Originally founded as the Celebrity Lecture Series in 1998 by the College of Arts & Letters and the Dean’s Community Council, the series was later renamed the Signature Lecture Series in 2007 and allows notable public figures to interact and engage with the faculty, students, and greater community of Michigan State University through conversations and discussions.
Support for this series has come from sponsors both within the University community and the community at large. Their generosity has been critical in attracting the best and most qualified individuals to conduct an informed and wide-ranging discussion of contemporary ideas and creative achievements in the arts and humanities.
The popularity of this series has attracted some of the most illustrious scholars, critics, novelists, poets, film producers, and creative artists of our time, including Soledad O’Brien, Ken Burns, Oliver Stone, Richard Ford, Maya Angelou, and Trevor Noah, just to name a few.
The Cooler Bandits Film Screening
(PLEASE NOTE: The Capital City Film Festival, in which the John Lucas film, The Cooler Bandits, was set to be screened, has been postponed. Select films will be screened this summer as a part of that festival.)
Lucas also will return to MSU’s campus in April for the screening of his documentary, The Cooler Bandits, on Friday, April 10, as part of the Capital City Film Festival. This special film screening will be followed by a discussion with Lucas and the people featured in the film.
Lucas has worked as a documentary photographer for more than 25 years and has directed and produced several cutting-edge multimedia projects, including collaborative works with Rankine.
His work has been exhibited in museums and galleries both nationally and internationally including the Brooklyn Museum, Cleveland Museum of Art, Redcat (Los Angeles), OK Harris Works of Art (NYC), La Panaderia (Mexico City), Aeroplastics Contemporary (Brussels), and Fieldgate Gallery (London).

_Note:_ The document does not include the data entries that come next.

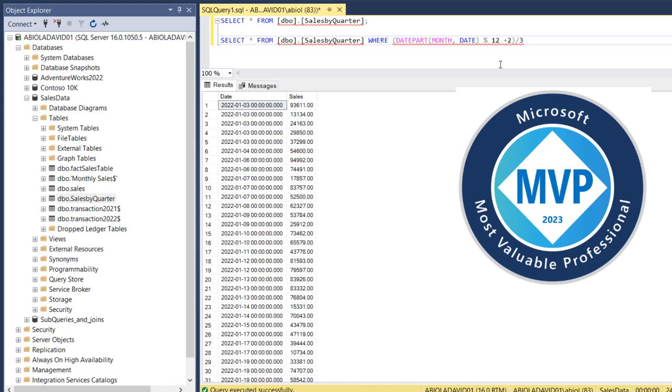two, three, four. So I'm going to use the IN operator, open a bracket, I'm going to access the quarter one and quarter two only. So one comma two, close the bracket for the IN operator.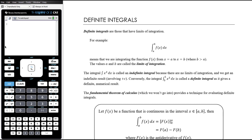In this video we're continuing our topic of integration and introducing the idea of a definite integral. Definite integrals have really important applications, in particular in relation to area under a curve or areas between curves, and we'll get to that down the track. What I want to focus on in this lesson is the technique of evaluating a definite integral.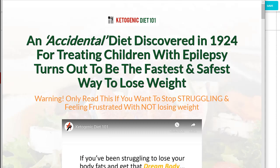Hello and welcome to this video series on Builderall using private label rights products to build your funnel. Today we're going to be taking our Ketogenic Diet 101 product and recreating the funnel page in our Pixel Perfect site builder.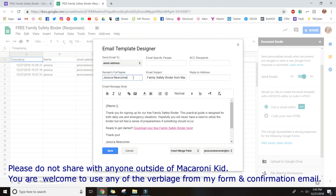For the sender's full name: with the Santa letters we used 'Santa Claus,' but I no longer do that because people told me emails were still coming through as Santa Claus — Gmail and other email clients store that information. I now use my full name, Jessica Newcomer, which is consistent with my newsletters so people get used to seeing it. For the email subject, I put 'Family Safety Binder from Macaroni Kid.' You don't need to worry about the other fields unless you want a blind copy or a reply-to email address.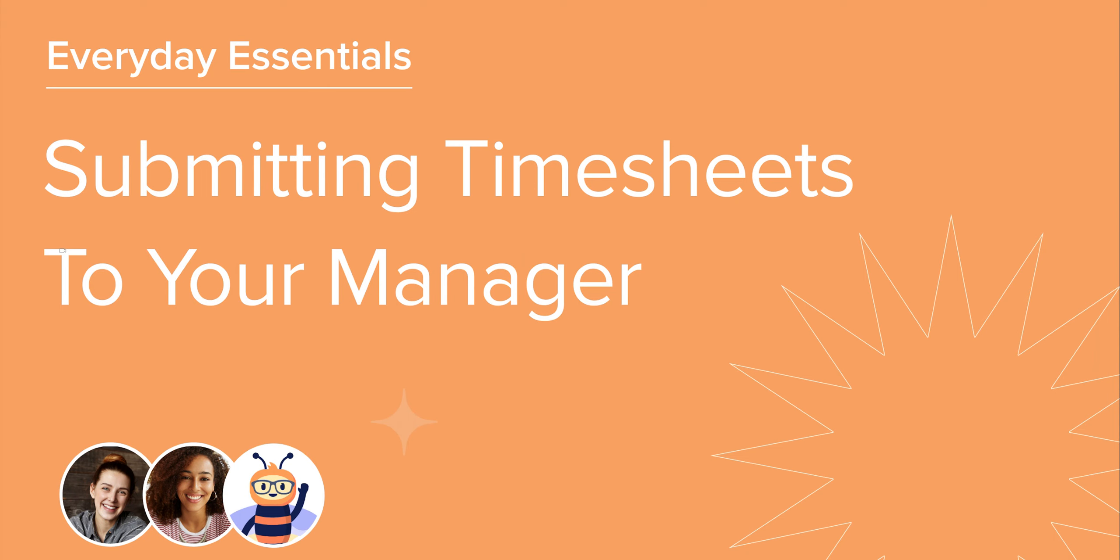Thank you for joining this course on submitting timesheets. So far we have covered how to access our timesheet, add our projects and categories, record our time, submit for approval, and make any required changes that we need to. Tune in to our next video in the series to complete your learning on everyday essentials. Thank you.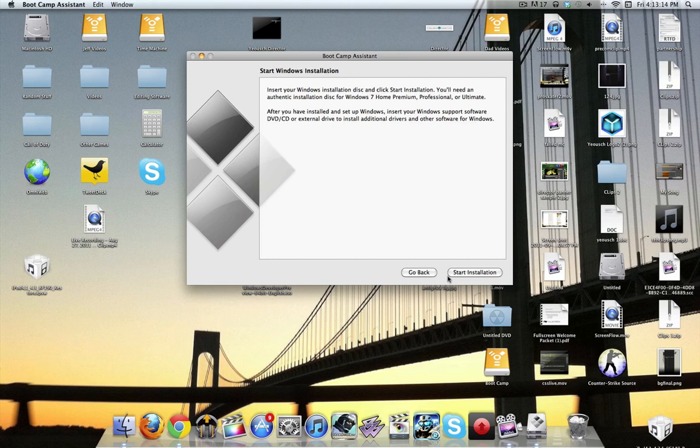The overall installation process took about an hour, hour and a half for me, but that's probably because a disk was in there the whole time. But it should be shorter for you guys. My computer is getting old and is relatively slow.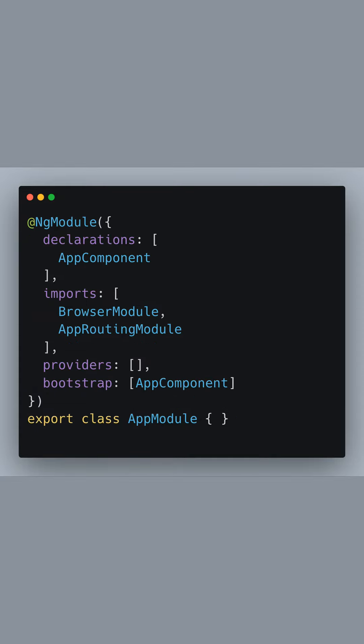Then, we define the AppModule with the @NgModule decorator. Inside, we declare the AppComponent so Angular knows about it, and include the BrowserModule and AppRoutingModule in the imports array, which brings web-specific capabilities to our application and sets up the application's routes, respectively.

In 2014, he completed The Cooler Bandits, his first feature-length documentary film, which follows four friends who struggle to confront their future after 20 years in prison. As teenagers, the friends engaged in a series of robberies, not understanding the serious consequences of their actions. Although no one was physically injured in these robberies, they received stiff prison sentences of up to 500 years.
From 2006-2013, The Cooler Bandits followed the journey of these four friends. Lending voice to personal experiences of incarceration, the film encourages viewers to grapple with the inequities of our criminal justice system and humanizes the staggering statistic of Black men branded “felon” for life.
The film was awarded best documentary at the 2014 Harlem International Film Festival.